A day before a meeting between Pope Benedict and the head of the German Bishops Conference in the Vatican, Bishop Gerhard Mueller of Regensburg said the Church would offer counselling to victims of priestly abuse but most of these cases were old.

"A lot of this is a great fuss made by mass media and we have other problems in Germany at the moment," Mueller told journalists at the Vatican. "Besides, there is no need to act because those are cases in the past."

"We can't turn back the clock but our main task is to offer justice to the victims from that time."

Reports last month of over 100 cases of abuse at Jesuit schools sparked outrage in Gemany. They have been followed by accusations of beating and paedophilia at three Catholic schools in Bavaria, including one linked to the prestigious Regensburg choir run by the Pope's brother from 1964-1994.

Archbishop Robert Zollitsch, due for annual talks with the Pope on Friday, has admitted German bishops initially under-estimated the problem. They have since vowed to cooperate with investigators and urged those responsible to come forward.

"The Holy Father does not need to be called for help because we as the Church and we as the German bishops are perfectly capable of dealing with this situation," Mueller said. [That's the spirit!]

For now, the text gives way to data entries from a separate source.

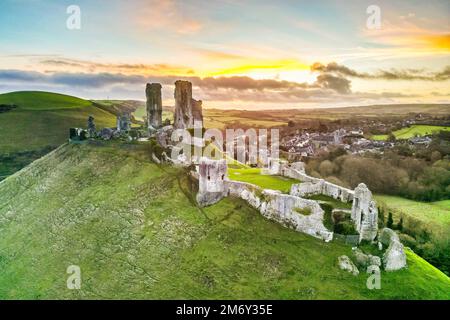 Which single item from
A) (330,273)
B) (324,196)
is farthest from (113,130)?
(330,273)

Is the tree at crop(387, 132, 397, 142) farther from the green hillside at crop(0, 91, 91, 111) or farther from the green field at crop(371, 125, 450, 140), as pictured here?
the green hillside at crop(0, 91, 91, 111)

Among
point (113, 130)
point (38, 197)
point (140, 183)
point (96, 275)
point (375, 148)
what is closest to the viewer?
point (96, 275)

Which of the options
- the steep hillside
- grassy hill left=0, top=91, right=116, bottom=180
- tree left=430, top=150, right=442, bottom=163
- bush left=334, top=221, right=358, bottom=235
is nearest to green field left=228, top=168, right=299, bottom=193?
bush left=334, top=221, right=358, bottom=235

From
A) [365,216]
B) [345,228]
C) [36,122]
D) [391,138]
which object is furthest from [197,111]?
[36,122]

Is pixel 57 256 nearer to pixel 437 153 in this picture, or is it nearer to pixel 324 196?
pixel 324 196

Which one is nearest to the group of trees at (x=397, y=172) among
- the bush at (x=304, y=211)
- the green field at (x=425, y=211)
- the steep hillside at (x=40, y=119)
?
the green field at (x=425, y=211)

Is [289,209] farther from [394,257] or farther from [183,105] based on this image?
[183,105] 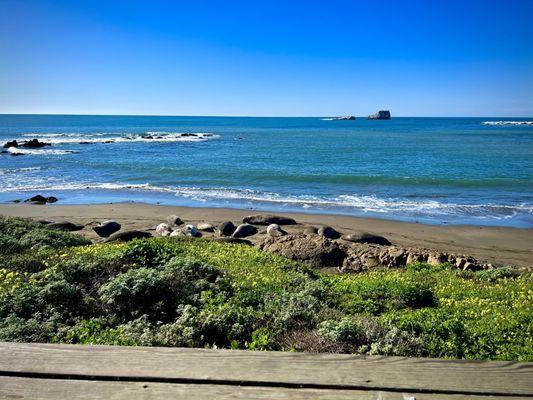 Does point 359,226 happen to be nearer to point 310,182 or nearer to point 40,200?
point 310,182

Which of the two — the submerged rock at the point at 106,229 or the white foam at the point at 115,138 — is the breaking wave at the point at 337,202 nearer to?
the submerged rock at the point at 106,229

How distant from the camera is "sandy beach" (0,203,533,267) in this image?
15.7m

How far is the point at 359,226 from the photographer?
18984mm

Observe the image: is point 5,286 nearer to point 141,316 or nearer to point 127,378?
point 141,316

With allegations of abuse multiplying in Austria and the Netherlands, Vatican spokesman Father Federico Lombardi acknowledged this week the "gravity of the crisis the Church is undergoing".

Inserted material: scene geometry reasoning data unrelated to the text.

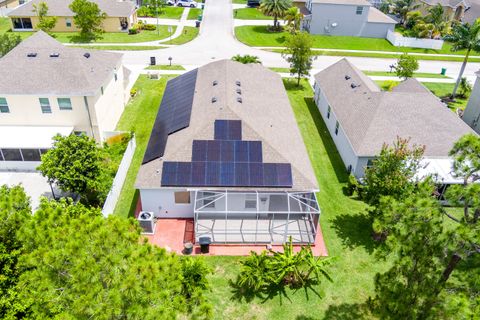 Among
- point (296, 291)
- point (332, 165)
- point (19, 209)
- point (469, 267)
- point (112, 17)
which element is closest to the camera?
point (469, 267)

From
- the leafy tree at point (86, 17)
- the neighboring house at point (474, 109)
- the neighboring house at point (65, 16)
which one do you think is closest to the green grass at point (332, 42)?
the neighboring house at point (65, 16)

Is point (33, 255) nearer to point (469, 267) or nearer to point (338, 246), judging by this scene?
point (469, 267)

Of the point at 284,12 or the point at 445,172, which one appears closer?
the point at 445,172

The allegations follow years of damaging scandals in Ireland and the United States. The U.S. Church has paid some $2 billion in settlements since 1992, bankrupting some dioceses, while Irish victims have called for 1 billion euros ($1.36 billion) in compensation.

The Murphy report commissioned by the Irish government found that the Church concealed abuse in the Dublin archdiocese from 1975 to 2004. On Monday, Germany's justice minister accused the Vatican of covering up the scandals there.

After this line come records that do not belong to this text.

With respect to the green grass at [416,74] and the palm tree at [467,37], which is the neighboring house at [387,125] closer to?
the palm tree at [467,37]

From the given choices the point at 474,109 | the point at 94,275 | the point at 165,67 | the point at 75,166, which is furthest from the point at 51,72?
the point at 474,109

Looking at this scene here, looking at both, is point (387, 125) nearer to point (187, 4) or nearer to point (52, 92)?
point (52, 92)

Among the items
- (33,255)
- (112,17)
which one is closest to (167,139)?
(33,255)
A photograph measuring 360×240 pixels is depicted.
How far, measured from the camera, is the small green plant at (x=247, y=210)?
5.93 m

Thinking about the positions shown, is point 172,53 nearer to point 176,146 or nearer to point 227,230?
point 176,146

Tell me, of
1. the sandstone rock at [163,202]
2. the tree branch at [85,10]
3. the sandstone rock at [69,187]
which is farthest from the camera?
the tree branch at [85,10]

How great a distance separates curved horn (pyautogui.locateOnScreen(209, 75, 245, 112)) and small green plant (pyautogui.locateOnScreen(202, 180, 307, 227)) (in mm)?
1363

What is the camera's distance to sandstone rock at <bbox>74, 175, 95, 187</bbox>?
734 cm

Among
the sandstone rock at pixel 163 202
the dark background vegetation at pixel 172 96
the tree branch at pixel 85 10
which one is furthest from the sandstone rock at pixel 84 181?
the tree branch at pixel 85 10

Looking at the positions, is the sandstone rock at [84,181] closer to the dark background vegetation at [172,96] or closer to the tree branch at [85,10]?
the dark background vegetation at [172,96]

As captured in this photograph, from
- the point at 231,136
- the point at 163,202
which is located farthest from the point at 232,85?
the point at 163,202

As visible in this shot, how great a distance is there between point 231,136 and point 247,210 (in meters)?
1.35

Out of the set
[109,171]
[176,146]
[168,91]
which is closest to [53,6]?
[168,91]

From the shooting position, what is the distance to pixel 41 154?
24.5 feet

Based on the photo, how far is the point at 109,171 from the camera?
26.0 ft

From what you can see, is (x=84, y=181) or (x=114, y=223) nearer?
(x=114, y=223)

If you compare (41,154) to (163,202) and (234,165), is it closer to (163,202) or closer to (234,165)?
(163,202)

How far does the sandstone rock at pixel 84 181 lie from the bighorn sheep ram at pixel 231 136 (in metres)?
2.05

Regensburg, where the Pope taught theology at the university from 1969 to 1977, said on Wednesday it had appointed a lawyer to investigate abuse cases from the 1950s and 1960s.

Mueller defended the Pope's brother, Rev. Georg Ratzinger, 86, who has acknowledged he slapped pupils in the face to discipline them but has denied any knowledge of sexual abuse.

"A smack used as a punishment has nothing to do with sexual abuse. These were educational methods used all over Europe," Mueller said. "For us, sexually abusing children is a serious sin and it is a crime."

In Austria, however, accusations of clerical abuse continue to grow. Former pupils of the Kremsmuenster Abbey told media that three of their Benedictine monk teachers committed sexual abuse on children and beat them during the 1980s.

More alleged cases of abuse were reported in two other regions from former students at religious institutions.

Helpline services in the Salzburg province, where an arch-abbot resigned on Monday after confessing to abusing a boy 40 years ago, said they were planning to increase their capacity to cope with an influx of calls.

The scandal has stirred a debate within the Church about sexual ethics. An opinion article in the Vatican newspaper L'Osservatore Romano suggested a greater female presence in the Church hierarchy might have helped remove the "veil of masculine secrecy" that concealed priestly abuse.

Vienna Cardinal Christoph Schoenborn has also called for the Church to openly discuss taboo issues such as celibacy, priestly training and more liberal social attitudes to sex.